You might try a listing on the real estate section of Craigs List.


----------



## king2163 (Apr 14, 2007)

you can use services like sell house fast


----------



## craigal (May 2, 1999)

Could your mother live in a smaller house?

If so your mother may be better off renting a smaller place to live in and then rent out the original house.
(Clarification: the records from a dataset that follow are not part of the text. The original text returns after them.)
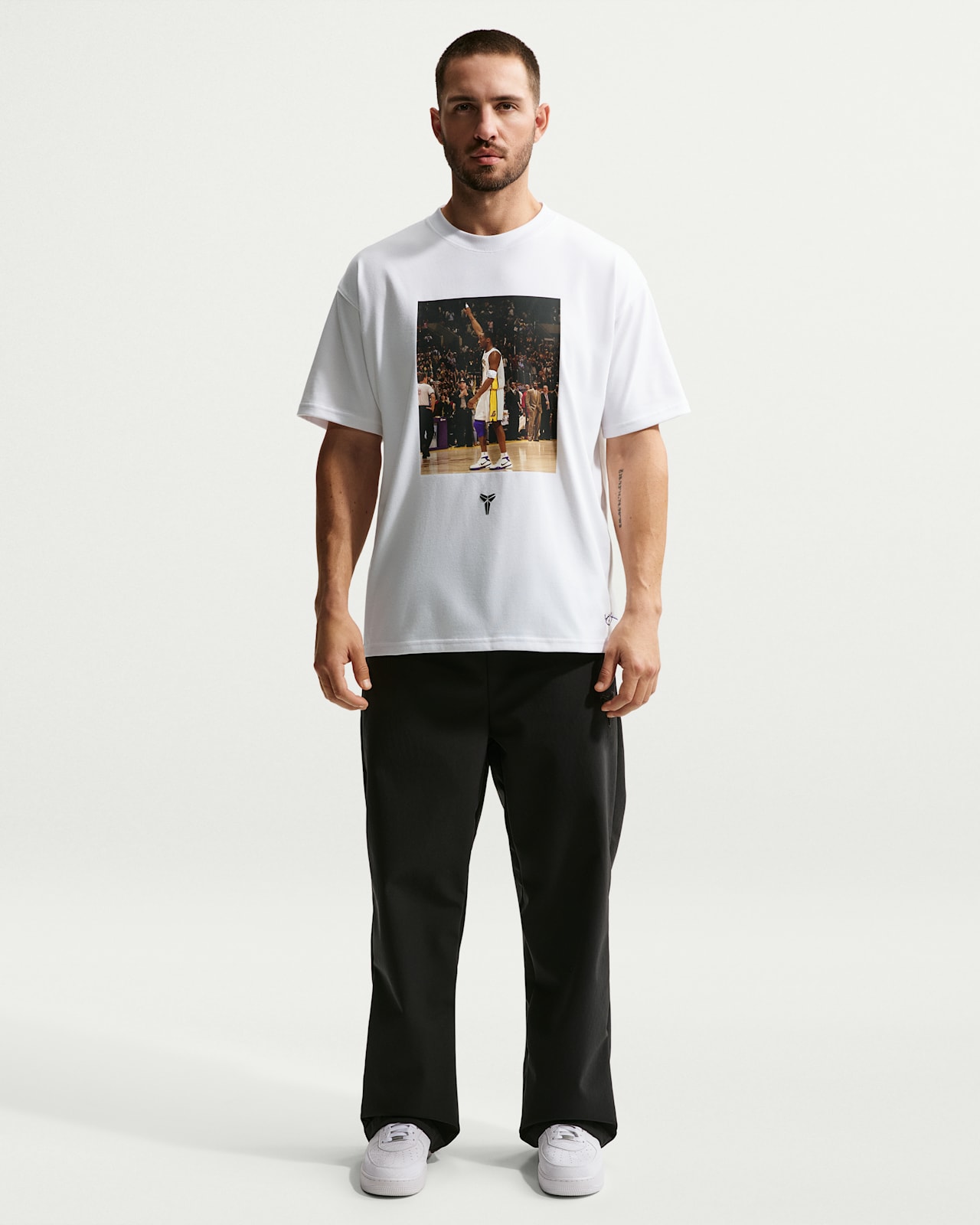 Fecha de lanzamiento de la colección de ropa Kobe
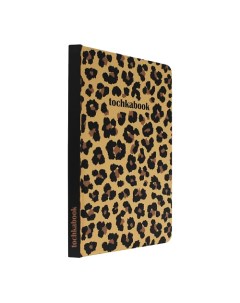 Блокнот А5 в точку Animal print Леопард Точкабук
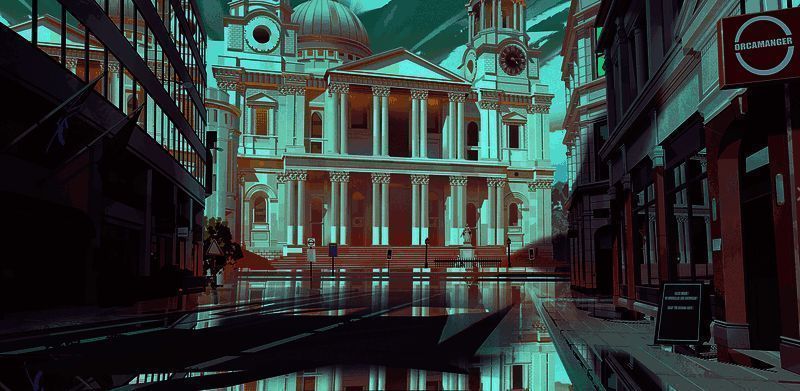 代号为Damden的游戏概念艺术图之五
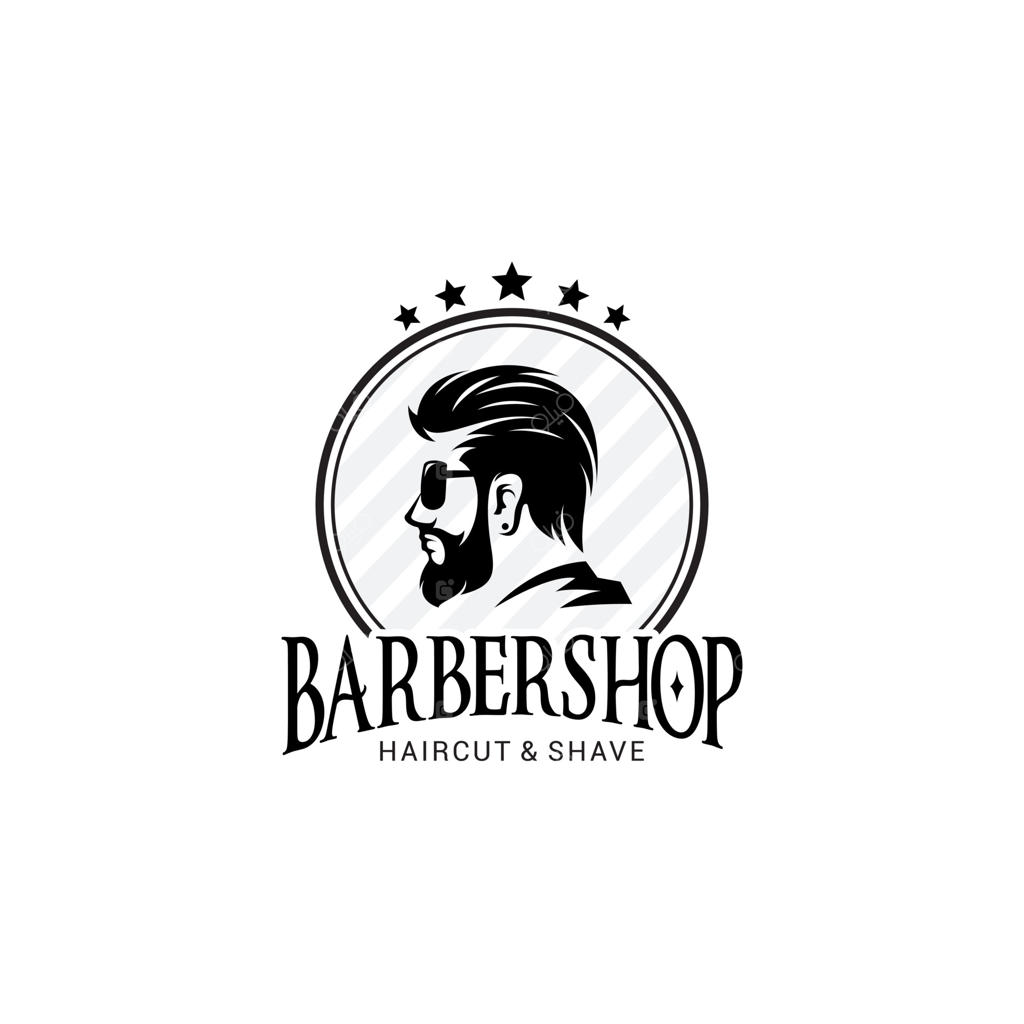 پترن وکتور لوگوی آرایشگاه نسخه ۴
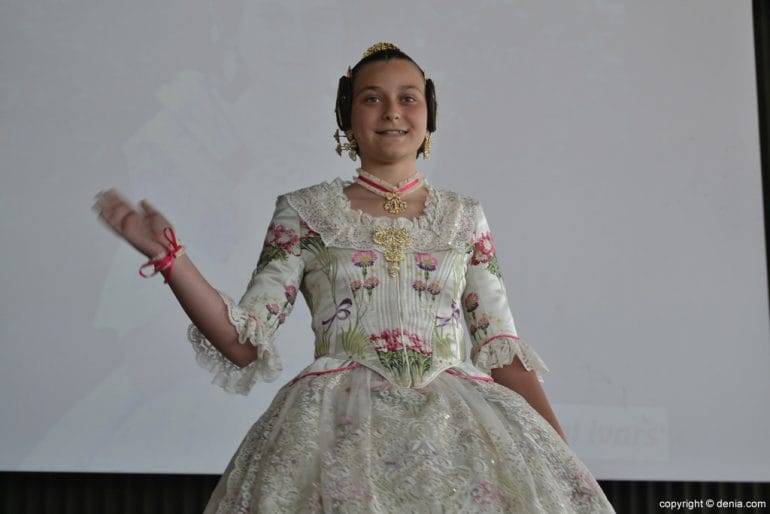 Desfile de candidatas a falleras mayores de Dénia 2018 - Paula Cristóbal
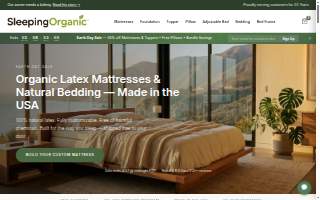 Sleeping Organic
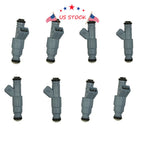 Set of 8 Fuel Injectors for Ford F250 F350 E250 (7.5L V8)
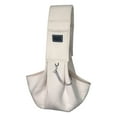 thumbnail image 2 of BotaniNest Sling For Small Dogs Up To 15lbs Breathable Fabric Adjustable Padded Strap Anxiety Reducing Design With Pocket For, 2 of 4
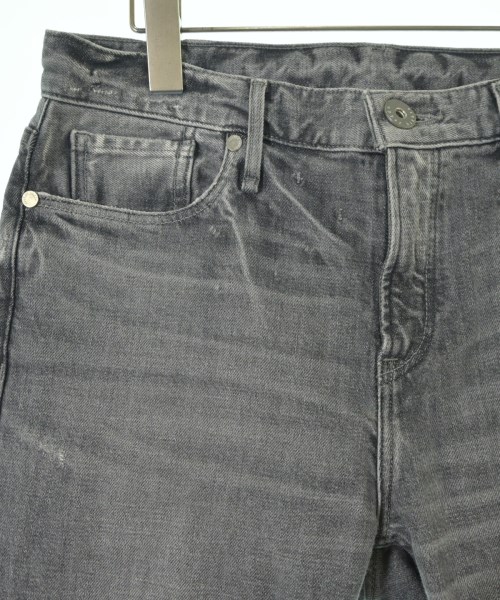 upper hights（アッパーハイツ）デニムパンツ 黒 サイズ:25(S位) レディース/2200725314040
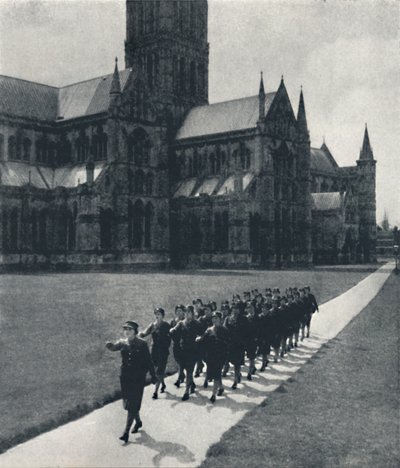 Church parade by Cecil Beaton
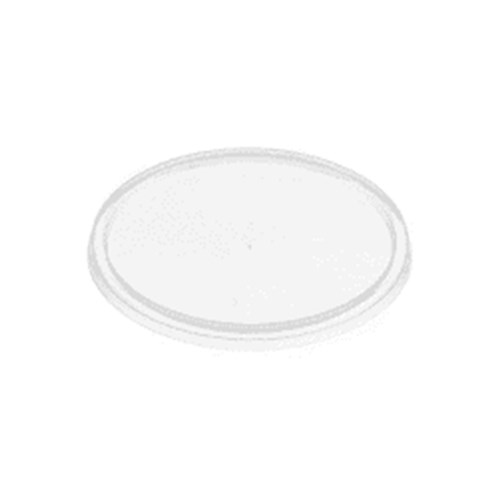 LID SML CLR RND 80MM GENFAC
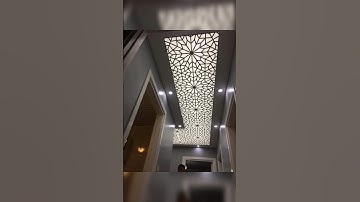 gypsum false ceiling new pop design pvc panel gypsum ceiling #falseceiling #pvcceiling #pvcpanels
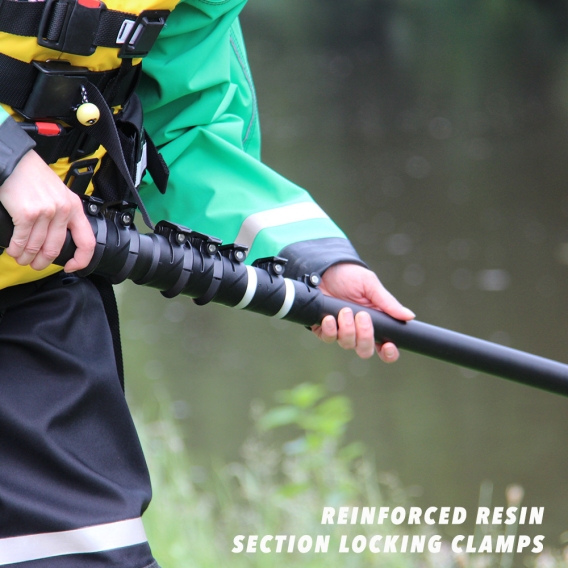 REACH POLE TELESCOPIC 9M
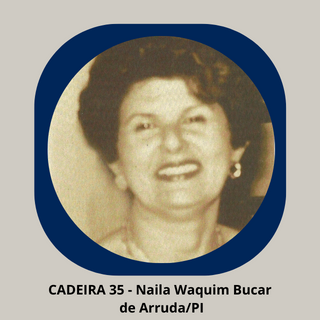 Retrato de Naila Waquim Uçar de Arruda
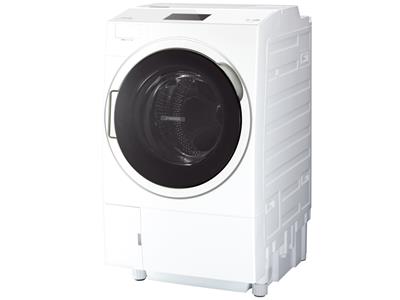 JAN 4904530404405 TOSHIBA ドラム式洗濯乾燥機 ZABOON TW-127X9L(W) 東芝ライフスタイル株式会社 家電 画像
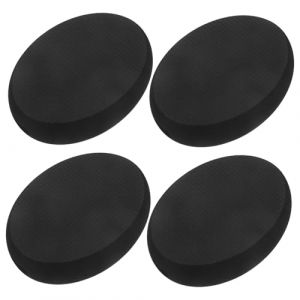 SHERCHPRY 4 Pi&egrave;ces T&ecirc;tes de Brosse Applicateur de Lotion pour Dos Lot de Accessoires de Bain Eva pour Nettoyage Application de Cr&egrave;me (Dnna Huang, neuf)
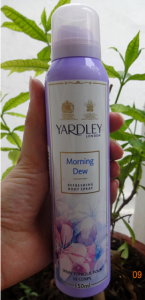 Yardley London Morning Dew Refreshing Body Spray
Depending on the condition of the house and the rental market in the area, she may collect enough rent to almost cover the mortgage. Are there any tax writeoffs available for investment properties?

Cheers

Craig


----------



## DoubleHelix (Dec 10, 2004)

In case anyone hasn't noticed, this was posted over 2 years ago. I think the person who posted it has probably resolved the issue by now since the title does include the word "FAST".


----------



## belinda2 (Feb 12, 2008)

How does the sell fast services work? Is it worth it(profitable)? Is it less hassle?


----------



## JohnWill (Oct 19, 2002)

belinda2 said:


> How does the sell fast services work? Is it worth it(profitable)? Is it less hassle?


By definition, any service that sells your house fast is going to cost you money. They obviously buy them at a steep discount, that's how they minimize their risk. Whether it's worth it depends on how desperate you are.


----------



## Frank4d (Sep 10, 2006)

Pink (blech)? Paint the house another color.


----------